◆ The problem
The records follow. Transcribe only the lines from the line containing "Here we are" through the end, both ends included, and leave out the pictures.

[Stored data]
____________________

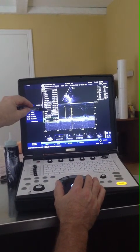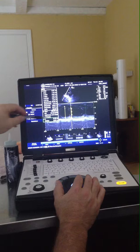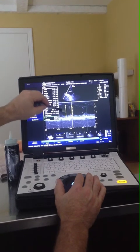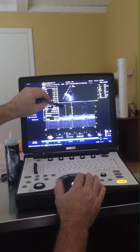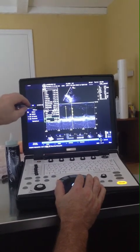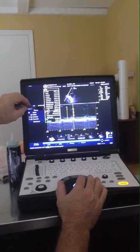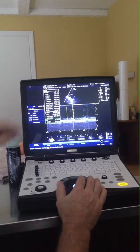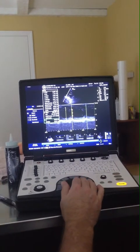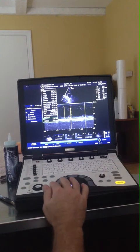Fractional shortening is 65%, which makes sense because there's a lot of difference between diastole and systole, so we should expect a fractional shortening that's really high. I'll save that one. So that's LV M-mode. Now we're going to look at the next measurement.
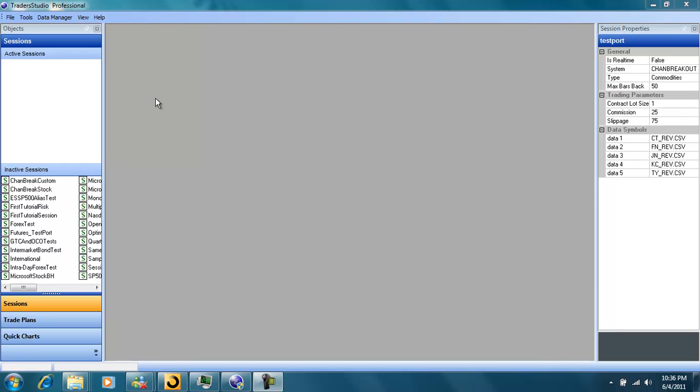With Trader Studio, it's easy to test a system on a portfolio of markets.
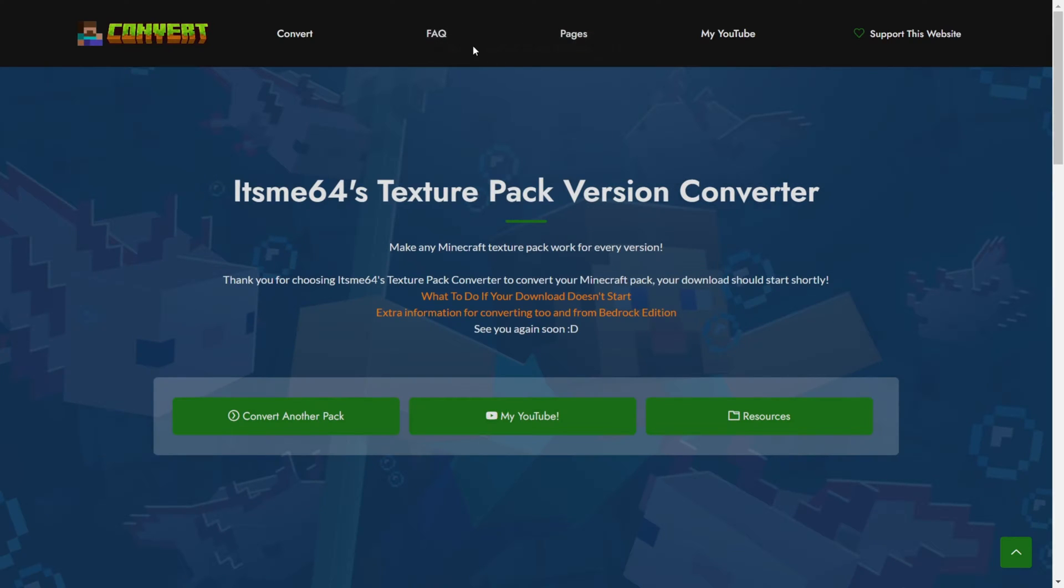As you can see once you press on skip your download will automatically start. The popup disappeared now though. And anyways it's basically that simple.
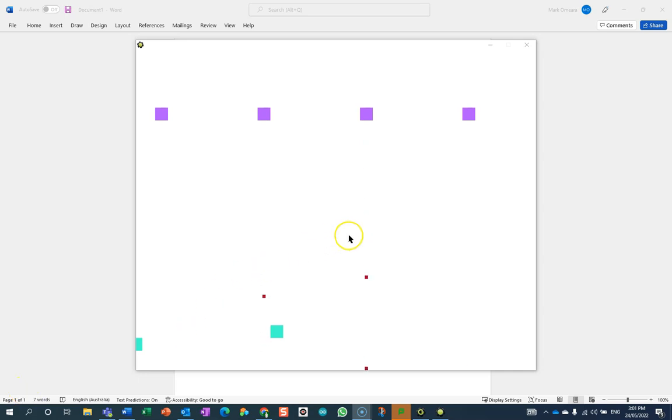Here we are watching a fairly standard Space Invaders type level. You'll see that when I get hit, I go back to the start, but that's about it. So what we're going to do is add a lives mechanism to this.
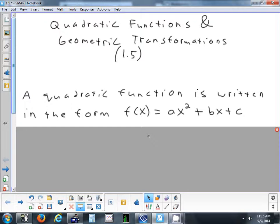B and c can be any number that you want, and a can be any number you want except 0. Because if a was 0 and you did 0 times x squared, 0 times anything is 0 — you're going to wipe out the x squared term. Now all you're left with is bx plus c, which is not quadratic — that's a line, like mx plus b.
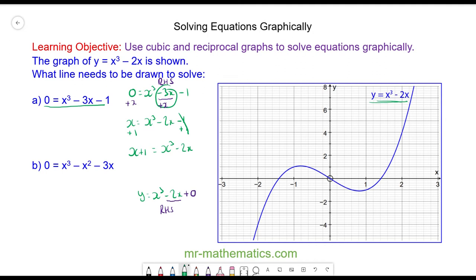Now the right-hand sides of both equations are the same, so y must equal x + 1. We're going to draw the graph of y = x + 1, and where the two graphs intersect will be the solution.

____________________

◆ Expected answer
Here we are watching a fairly standard Space Invaders type level. You'll see that when I get hit, I go back to the start, but that's about it. So what we're going to do is add a lives mechanism to this.
B and c can be any number that you want, and a can be any number you want except 0. Because if a was 0 and you did 0 times x squared, 0 times anything is 0 — you're going to wipe out the x squared term. Now all you're left with is bx plus c, which is not quadratic — that's a line, like mx plus b.
Now the right-hand sides of both equations are the same, so y must equal x + 1. We're going to draw the graph of y = x + 1, and where the two graphs intersect will be the solution.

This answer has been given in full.